### WHAT NEEDS TO BE DONE
After reading the entries below, copy word for word the lines from the first through the line containing "coffee 3d podium", and stop there.

(THE RECORDS begins)

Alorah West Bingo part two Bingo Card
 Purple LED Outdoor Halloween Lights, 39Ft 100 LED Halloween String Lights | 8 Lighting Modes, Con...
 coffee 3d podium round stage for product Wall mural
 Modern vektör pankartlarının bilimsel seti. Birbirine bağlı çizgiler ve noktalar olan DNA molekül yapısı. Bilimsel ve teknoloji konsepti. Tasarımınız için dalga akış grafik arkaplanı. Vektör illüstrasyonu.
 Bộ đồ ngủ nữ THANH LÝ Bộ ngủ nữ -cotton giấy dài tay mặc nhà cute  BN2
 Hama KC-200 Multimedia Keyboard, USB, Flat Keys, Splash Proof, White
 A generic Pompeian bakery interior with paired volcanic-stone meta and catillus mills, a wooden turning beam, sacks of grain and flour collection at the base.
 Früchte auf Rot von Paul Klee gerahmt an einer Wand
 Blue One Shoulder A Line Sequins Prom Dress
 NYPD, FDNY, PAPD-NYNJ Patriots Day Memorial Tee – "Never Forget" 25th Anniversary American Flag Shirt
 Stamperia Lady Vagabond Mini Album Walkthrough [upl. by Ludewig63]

(THE RECORDS ends)

### YOUR RESPONSE
Alorah West Bingo part two Bingo Card
 Purple LED Outdoor Halloween Lights, 39Ft 100 LED Halloween String Lights | 8 Lighting Modes, Con...
 coffee 3d podium round stage for product Wall mural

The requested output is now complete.